*Required action*. Using the data below, return word for word every line from the one holding "Walmart.com - Walmart.com" down to the one holding "Picnic Area Left". Leave pictures out.

*Data provided*.
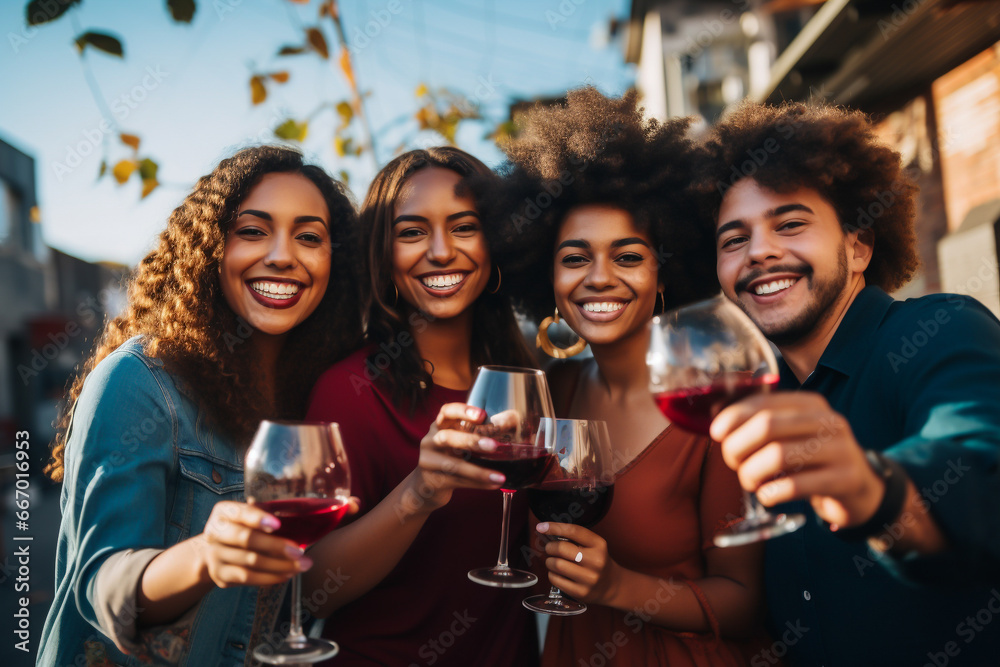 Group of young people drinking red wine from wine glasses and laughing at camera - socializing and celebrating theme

...

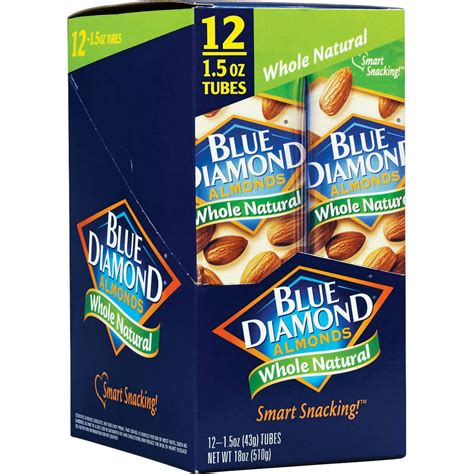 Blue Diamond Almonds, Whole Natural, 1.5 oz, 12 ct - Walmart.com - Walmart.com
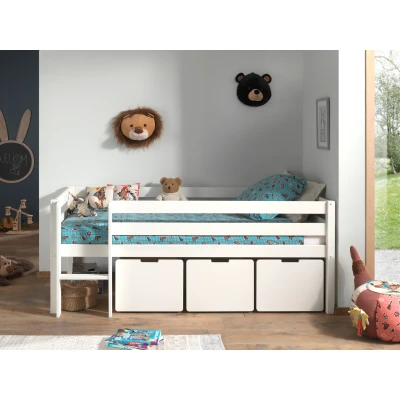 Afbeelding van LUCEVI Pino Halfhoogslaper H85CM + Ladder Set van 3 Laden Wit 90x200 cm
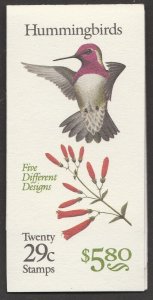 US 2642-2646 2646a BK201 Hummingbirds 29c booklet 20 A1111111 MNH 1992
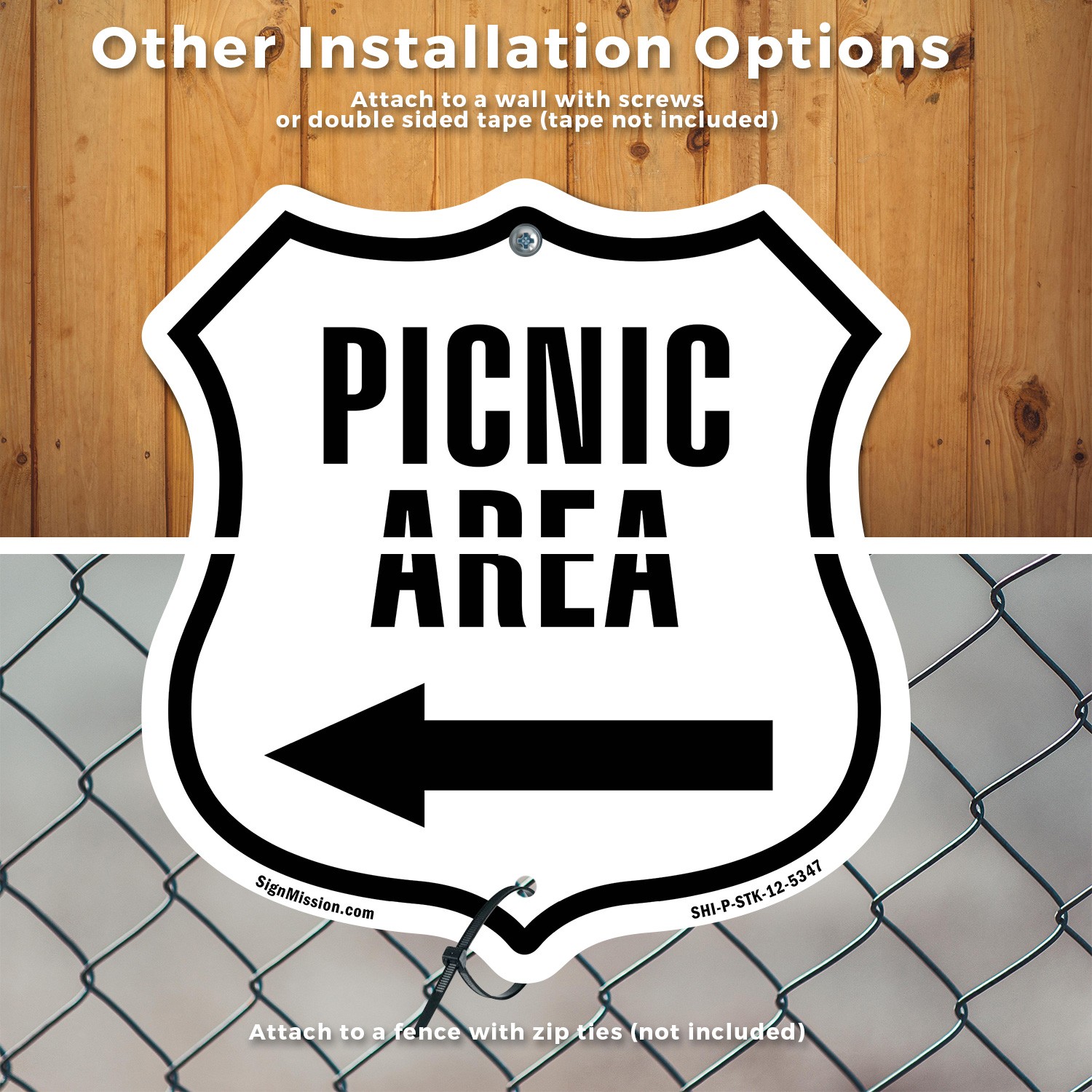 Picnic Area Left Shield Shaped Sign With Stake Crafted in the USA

---

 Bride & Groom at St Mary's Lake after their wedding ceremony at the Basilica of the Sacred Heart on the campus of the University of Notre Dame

*Output for this exercise*.
 Blue Diamond Almonds, Whole Natural, 1.5 oz, 12 ct - Walmart.com - Walmart.com
 Afbeelding van LUCEVI Pino Halfhoogslaper H85CM + Ladder Set van 3 Laden Wit 90x200 cm
 US 2642-2646 2646a BK201 Hummingbirds 29c booklet 20 A1111111 MNH 1992
 Picnic Area Left Shield Shaped Sign With Stake Crafted in the USA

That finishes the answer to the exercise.